### [Data]

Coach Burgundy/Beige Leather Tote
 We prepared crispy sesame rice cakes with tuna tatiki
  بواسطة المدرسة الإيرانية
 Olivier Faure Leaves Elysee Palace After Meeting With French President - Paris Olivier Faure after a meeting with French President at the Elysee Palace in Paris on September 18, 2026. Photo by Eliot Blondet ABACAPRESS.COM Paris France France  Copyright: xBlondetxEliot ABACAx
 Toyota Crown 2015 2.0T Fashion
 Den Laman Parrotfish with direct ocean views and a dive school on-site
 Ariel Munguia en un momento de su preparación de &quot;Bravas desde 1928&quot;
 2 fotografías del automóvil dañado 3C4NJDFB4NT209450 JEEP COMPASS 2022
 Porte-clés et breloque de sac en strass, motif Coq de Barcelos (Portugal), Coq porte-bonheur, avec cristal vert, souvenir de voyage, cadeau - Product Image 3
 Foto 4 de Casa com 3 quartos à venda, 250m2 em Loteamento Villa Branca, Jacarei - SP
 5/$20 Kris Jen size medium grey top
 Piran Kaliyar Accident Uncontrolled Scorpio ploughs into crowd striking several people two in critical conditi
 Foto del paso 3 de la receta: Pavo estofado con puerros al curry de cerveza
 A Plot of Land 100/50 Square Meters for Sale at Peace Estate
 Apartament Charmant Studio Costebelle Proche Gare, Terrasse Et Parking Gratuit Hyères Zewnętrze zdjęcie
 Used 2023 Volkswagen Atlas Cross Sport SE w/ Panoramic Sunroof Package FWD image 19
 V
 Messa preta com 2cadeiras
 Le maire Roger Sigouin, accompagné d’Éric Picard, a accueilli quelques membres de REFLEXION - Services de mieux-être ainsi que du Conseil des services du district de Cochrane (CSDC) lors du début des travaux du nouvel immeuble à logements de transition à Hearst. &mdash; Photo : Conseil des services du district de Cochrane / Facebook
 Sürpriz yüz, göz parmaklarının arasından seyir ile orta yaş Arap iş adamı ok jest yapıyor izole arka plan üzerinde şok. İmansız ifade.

### [Task directions]
Reproduce the data in full, precisely as given.

### [Output for this exercise]
Coach Burgundy/Beige Leather Tote
 We prepared crispy sesame rice cakes with tuna tatiki
  بواسطة المدرسة الإيرانية
 Olivier Faure Leaves Elysee Palace After Meeting With French President - Paris Olivier Faure after a meeting with French President at the Elysee Palace in Paris on September 18, 2026. Photo by Eliot Blondet ABACAPRESS.COM Paris France France  Copyright: xBlondetxEliot ABACAx
 Toyota Crown 2015 2.0T Fashion
 Den Laman Parrotfish with direct ocean views and a dive school on-site
 Ariel Munguia en un momento de su preparación de &quot;Bravas desde 1928&quot;
 2 fotografías del automóvil dañado 3C4NJDFB4NT209450 JEEP COMPASS 2022
 Porte-clés et breloque de sac en strass, motif Coq de Barcelos (Portugal), Coq porte-bonheur, avec cristal vert, souvenir de voyage, cadeau - Product Image 3
 Foto 4 de Casa com 3 quartos à venda, 250m2 em Loteamento Villa Branca, Jacarei - SP
 5/$20 Kris Jen size medium grey top
 Piran Kaliyar Accident Uncontrolled Scorpio ploughs into crowd striking several people two in critical conditi
 Foto del paso 3 de la receta: Pavo estofado con puerros al curry de cerveza
 A Plot of Land 100/50 Square Meters for Sale at Peace Estate
 Apartament Charmant Studio Costebelle Proche Gare, Terrasse Et Parking Gratuit Hyères Zewnętrze zdjęcie
 Used 2023 Volkswagen Atlas Cross Sport SE w/ Panoramic Sunroof Package FWD image 19
 V
 Messa preta com 2cadeiras
 Le maire Roger Sigouin, accompagné d’Éric Picard, a accueilli quelques membres de REFLEXION - Services de mieux-être ainsi que du Conseil des services du district de Cochrane (CSDC) lors du début des travaux du nouvel immeuble à logements de transition à Hearst. &mdash; Photo : Conseil des services du district de Cochrane / Facebook
 Sürpriz yüz, göz parmaklarının arasından seyir ile orta yaş Arap iş adamı ok jest yapıyor izole arka plan üzerinde şok. İmansız ifade.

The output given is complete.